Matthieu 11, 25

En ce temps-là, Jésus prit la parole et dit : « Père, Seigneur du ciel et de la terre, je proclame ta louange : ce que tu as caché aux sages et aux savants, tu l’as révélé aux tout-petits.

En ce temps-là, Jésus prit la parole et dit : « Père, Seigneur du ciel et de la terre, je proclame ta louange : ce que tu as caché aux sages et aux savants, tu l’as révélé aux tout-petits.
Saint Thomas d'Aquin
1354. EN CE TEMPS-LÀ, JÉSUS RÉPONDIT : «JE TE BÉNIS, PÈRE, etc.» Plus haut, le Seigneur avait invectivé l’infidélité des foules ; maintenant, il rend grâce pour la fidélité des disciples et de tous les autres croyants.
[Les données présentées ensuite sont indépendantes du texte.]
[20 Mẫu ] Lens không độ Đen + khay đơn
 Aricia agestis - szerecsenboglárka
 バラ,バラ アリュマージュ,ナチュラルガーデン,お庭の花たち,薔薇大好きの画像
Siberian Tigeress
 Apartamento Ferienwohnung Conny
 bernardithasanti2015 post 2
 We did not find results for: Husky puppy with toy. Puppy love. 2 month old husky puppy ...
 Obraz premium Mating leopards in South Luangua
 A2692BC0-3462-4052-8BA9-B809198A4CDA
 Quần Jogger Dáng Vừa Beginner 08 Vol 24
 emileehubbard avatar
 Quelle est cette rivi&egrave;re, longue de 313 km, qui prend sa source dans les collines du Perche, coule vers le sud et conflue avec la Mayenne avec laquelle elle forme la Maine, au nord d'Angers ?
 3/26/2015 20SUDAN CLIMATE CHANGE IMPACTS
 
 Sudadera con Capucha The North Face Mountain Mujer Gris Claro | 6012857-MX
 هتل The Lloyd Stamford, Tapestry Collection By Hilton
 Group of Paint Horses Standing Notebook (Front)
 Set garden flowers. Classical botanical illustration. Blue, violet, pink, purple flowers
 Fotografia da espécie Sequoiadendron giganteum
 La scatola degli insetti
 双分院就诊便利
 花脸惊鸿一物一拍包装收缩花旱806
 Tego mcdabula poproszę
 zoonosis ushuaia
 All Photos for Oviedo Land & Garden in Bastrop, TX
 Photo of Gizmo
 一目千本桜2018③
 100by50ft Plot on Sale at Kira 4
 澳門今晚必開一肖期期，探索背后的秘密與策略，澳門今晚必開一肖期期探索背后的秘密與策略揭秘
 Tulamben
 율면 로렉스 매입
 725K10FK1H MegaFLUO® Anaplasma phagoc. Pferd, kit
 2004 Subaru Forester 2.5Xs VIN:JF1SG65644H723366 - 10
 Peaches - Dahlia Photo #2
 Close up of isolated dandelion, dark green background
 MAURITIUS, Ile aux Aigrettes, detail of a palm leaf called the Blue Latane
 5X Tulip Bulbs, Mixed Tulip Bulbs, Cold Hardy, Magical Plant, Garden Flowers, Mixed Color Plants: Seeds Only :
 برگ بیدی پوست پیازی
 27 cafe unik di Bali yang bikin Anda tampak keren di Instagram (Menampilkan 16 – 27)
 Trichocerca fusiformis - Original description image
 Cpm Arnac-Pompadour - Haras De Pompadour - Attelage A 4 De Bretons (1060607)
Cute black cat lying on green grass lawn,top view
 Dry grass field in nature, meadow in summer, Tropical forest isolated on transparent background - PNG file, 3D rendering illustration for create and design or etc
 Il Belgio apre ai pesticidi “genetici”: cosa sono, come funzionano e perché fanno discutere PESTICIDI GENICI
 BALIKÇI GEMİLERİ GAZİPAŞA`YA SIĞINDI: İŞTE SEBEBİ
Premièrement, il rend grâce au Père comme à l’auteur [11, 25] ; deuxièmement, il montre qu’il a le même pouvoir, en cet endroit : TOUT M’A ÉTÉ REMIS PAR MON PÈRE [11, 27].

1355. [Matthieu] dit donc : EN CE TEMPS-LÀ, c’est-à-dire, au moment où [cela] arriva, etc., IL RÉPONDIT. Mais à qui répondait-il ? Ce qui est dit en Jb 15, 2 lui convient : Est-ce que le sage répond par des raisons en l’air ? Non. Il répond donc à une objection tacite. En effet, quelqu’un pourrait dire : «Ceux à qui tu as prêché ne croient pas ; d’autres auraient cru si on leur avait prêché.» Il répond donc et en réfute certains qui ont cherché les raisons du choix, à savoir, pourquoi certains ont été élevés jusqu’au ciel et d’autres ont été jetés dans l’abîme. C’était le cas d’Origène, qui affirmait que l’élection relevait du mérite. Mais ici, [le Seigneur] réfute cela en montrant qu’on ne doit pas l’attribuer à la volonté divine.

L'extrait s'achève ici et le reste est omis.